As an undergraduate, he worked as a summer student technician at the Fermi National Accelerator Laboratory in Batavia, IL. During the summers of 1989 and 1990 he worked at the Jet Propulsion Laboratory in Pasadena, CA, designing analog microelectronics. He currently works part-time for Tanner Research in Pasadena, designing autocorrective microelectronics.

Richard F. Lyon (M'78) received the B.S. degree in engineering and applied science from California Institute of Technology, Pasadena, in 1974, and the M.S. degree in electrical engineering from Stanford University, Stanford, CA, in 1975.

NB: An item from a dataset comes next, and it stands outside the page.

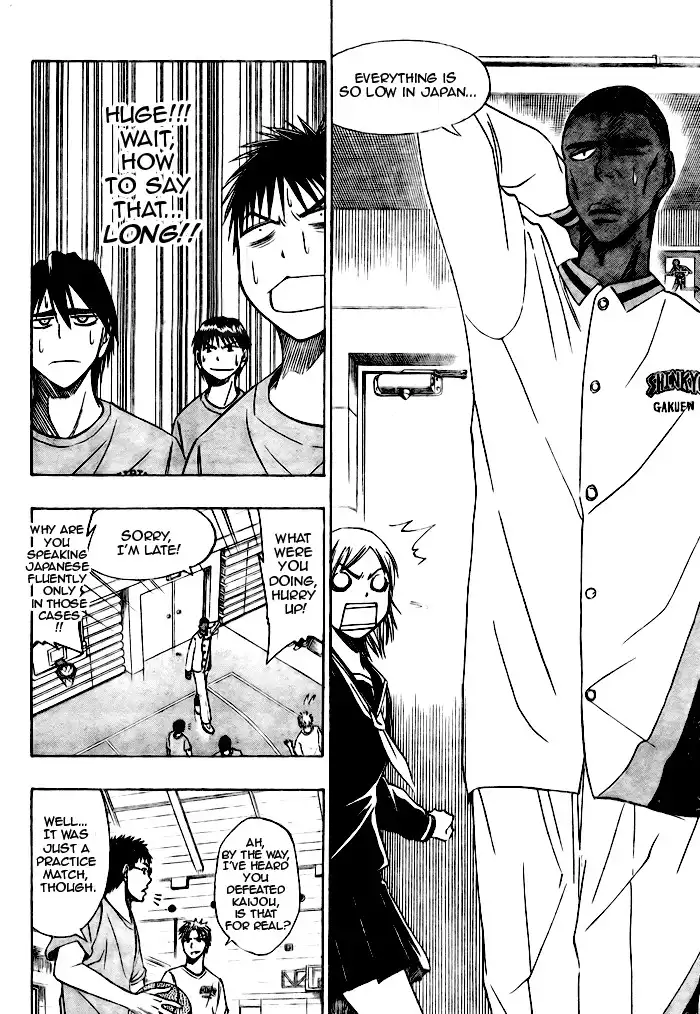 Kuroko no Basket Chapter 13 16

He has worked on a variety of projects involving communication and information theory, digital system design, analog and digital signal processing, VLSI design and methodologies, and sensory perception at Caltech, Bell Labs, Jet Propulsion Laboratory, Stanford Telecommunications Inc., Xerox PARC, and Schlumberger Palo Alto Research. In his current position at Apple Computer, he leads the Perception Systems group in applying models of hearing and in investigating brain-like computing approaches. He is also currently on the Computer Science faculty at Caltech, where he works on sensory modeling research and analog VLSI techniques.

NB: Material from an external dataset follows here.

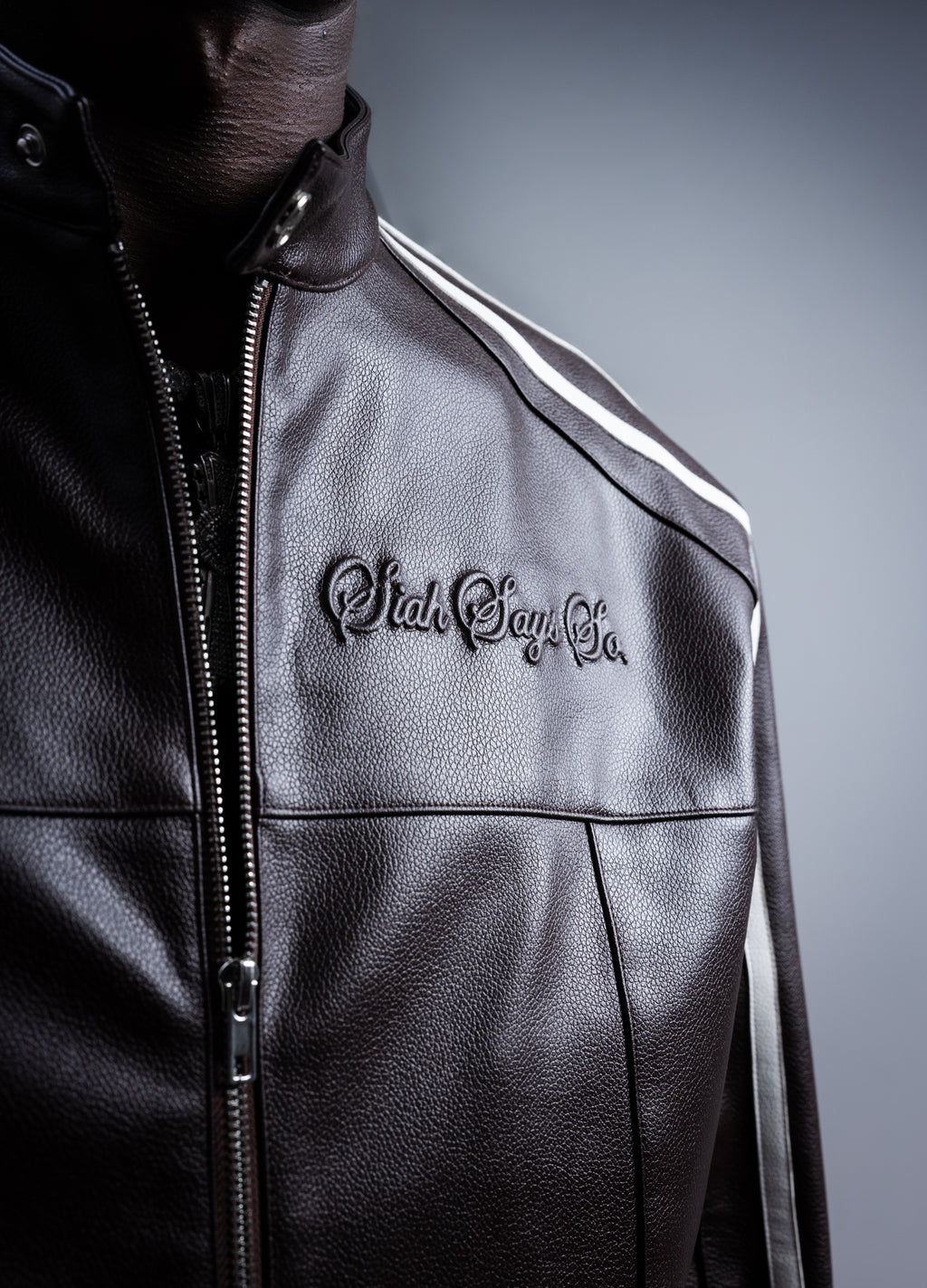 SSS Brown Leather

Carver A. Mead, Gordon and Betty Moore Professor of Computer Science, has taught at the California Institute of Technology, Pasadena, for more than 30 years. He has contributed in the fields of solid-state electronics and the management of complexity in the design of very large-scale integrated circuits, and has been active in the development of innovative design methodologies for VLSI. He wrote with Lynn Conway the standard text for VLSI design, Introduction to VLSI Systems. His recent work is concerned with modeling neuronal structures, such as the retina and the cochlea using analog VLSI systems. His new book on this topic, Analog VLSI and Neural Systems, has recently been published (Addison-Wesley).

Prof. Mead is a member of the National Academy of Sciences, the National Academy of Engineering, a foreign member of the Royal Swedish Academy of Engineering Sciences, a Fellow of the American Physical Society, and a Life Fellow of the Franklin Institute. He is also the recipient of a number of awards including the centennial medal of the IEEE.